(Entries shown)

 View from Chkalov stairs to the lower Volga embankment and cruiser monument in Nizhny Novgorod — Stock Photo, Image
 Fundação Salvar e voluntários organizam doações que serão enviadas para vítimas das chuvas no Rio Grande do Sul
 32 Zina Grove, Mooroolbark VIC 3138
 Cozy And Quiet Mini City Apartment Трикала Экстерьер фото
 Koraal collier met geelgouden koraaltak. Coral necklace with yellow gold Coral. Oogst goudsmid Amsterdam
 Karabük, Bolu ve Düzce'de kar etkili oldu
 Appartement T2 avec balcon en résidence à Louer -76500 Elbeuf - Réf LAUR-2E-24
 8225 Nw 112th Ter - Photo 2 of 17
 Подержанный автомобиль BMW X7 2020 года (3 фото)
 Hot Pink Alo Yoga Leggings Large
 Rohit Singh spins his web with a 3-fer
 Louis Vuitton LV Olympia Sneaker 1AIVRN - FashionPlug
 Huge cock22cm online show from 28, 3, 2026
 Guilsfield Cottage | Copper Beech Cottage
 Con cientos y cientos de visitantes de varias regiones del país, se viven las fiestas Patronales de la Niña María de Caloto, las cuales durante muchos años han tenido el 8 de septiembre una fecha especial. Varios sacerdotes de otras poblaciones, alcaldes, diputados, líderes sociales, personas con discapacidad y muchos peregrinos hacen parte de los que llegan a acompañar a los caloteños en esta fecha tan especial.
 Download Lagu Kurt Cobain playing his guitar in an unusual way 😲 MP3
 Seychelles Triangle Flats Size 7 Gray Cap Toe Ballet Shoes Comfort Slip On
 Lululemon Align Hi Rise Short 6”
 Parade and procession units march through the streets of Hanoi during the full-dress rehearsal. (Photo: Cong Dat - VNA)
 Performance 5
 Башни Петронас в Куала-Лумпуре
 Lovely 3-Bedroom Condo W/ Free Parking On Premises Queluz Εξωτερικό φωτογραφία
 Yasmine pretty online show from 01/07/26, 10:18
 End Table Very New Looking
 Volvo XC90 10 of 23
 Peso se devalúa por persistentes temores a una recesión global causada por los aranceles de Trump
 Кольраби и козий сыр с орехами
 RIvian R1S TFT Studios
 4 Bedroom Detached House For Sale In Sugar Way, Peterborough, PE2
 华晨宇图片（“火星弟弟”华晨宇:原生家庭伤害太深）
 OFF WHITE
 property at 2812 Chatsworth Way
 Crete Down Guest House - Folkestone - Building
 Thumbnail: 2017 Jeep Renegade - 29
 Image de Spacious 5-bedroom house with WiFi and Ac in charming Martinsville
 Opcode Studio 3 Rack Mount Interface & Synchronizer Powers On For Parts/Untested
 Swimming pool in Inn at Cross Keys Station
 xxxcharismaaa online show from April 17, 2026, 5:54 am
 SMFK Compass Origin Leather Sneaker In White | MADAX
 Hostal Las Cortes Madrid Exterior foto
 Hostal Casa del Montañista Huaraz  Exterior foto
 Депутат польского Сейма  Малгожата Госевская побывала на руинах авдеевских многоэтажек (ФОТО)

(End Entries shown)

__Exercise goal__.
In the data above, retype exactly and only the lines between the one holding "Peso se devalúa" and the one holding "Image de Spacious", inclusive.

__Exercise result__.
 Peso se devalúa por persistentes temores a una recesión global causada por los aranceles de Trump
 Кольраби и козий сыр с орехами
 RIvian R1S TFT Studios
 4 Bedroom Detached House For Sale In Sugar Way, Peterborough, PE2
 华晨宇图片（“火星弟弟”华晨宇:原生家庭伤害太深）
 OFF WHITE
 property at 2812 Chatsworth Way
 Crete Down Guest House - Folkestone - Building
 Thumbnail: 2017 Jeep Renegade - 29
 Image de Spacious 5-bedroom house with WiFi and Ac in charming Martinsville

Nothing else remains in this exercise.